- **WORK ORDER**
The listing below is to be copied exactly, with pictures excluded.

++++++++

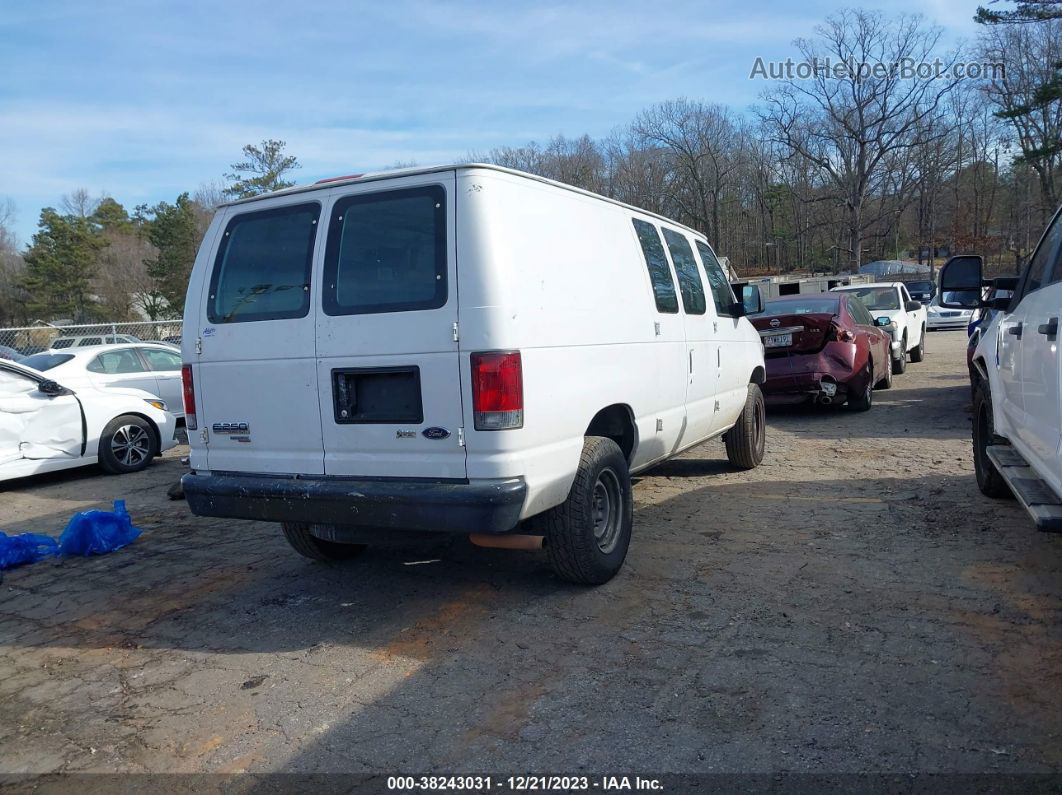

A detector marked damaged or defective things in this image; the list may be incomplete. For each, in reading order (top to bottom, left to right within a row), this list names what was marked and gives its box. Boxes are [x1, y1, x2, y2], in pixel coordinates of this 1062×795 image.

damaged white sedan [0, 356, 176, 479]
cracked asphalt lot [0, 331, 1057, 772]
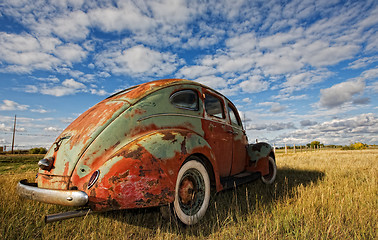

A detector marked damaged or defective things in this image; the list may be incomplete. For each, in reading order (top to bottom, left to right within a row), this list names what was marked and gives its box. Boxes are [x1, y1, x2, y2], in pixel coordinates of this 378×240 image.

rusty vintage car [17, 79, 278, 225]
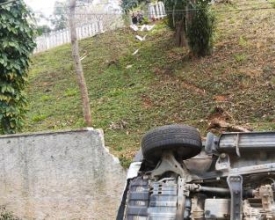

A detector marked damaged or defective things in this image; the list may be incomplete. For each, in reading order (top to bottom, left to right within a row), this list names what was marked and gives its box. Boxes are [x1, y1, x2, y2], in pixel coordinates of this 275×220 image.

overturned car [116, 124, 275, 219]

++++++++

- **RESPONSE BELOW**
A detector marked damaged or defective things in this image; the list may be incomplete. For each, in reading order (top to bottom, left to right within a row), this list names what was marked and gives its box. Boxes are [x1, y1, x2, y2], in pixel coordinates of this 1062×795 image.

damaged white sedan [0, 356, 176, 479]
cracked asphalt lot [0, 331, 1057, 772]

A detector marked damaged or defective things in this image; the list may be incomplete. For each, in reading order (top to bottom, left to right within a row), this list names what was marked and gives its box. Boxes are [x1, y1, x2, y2], in pixel coordinates of this 378×240 image.

rusty vintage car [17, 79, 278, 225]

A detector marked damaged or defective things in this image; the list may be incomplete. For each, in reading order (top to bottom, left to right within a row), this list names what was marked and gives its box. Boxes are [x1, y1, x2, y2], in pixel coordinates of this 275×220 image.

overturned car [116, 124, 275, 219]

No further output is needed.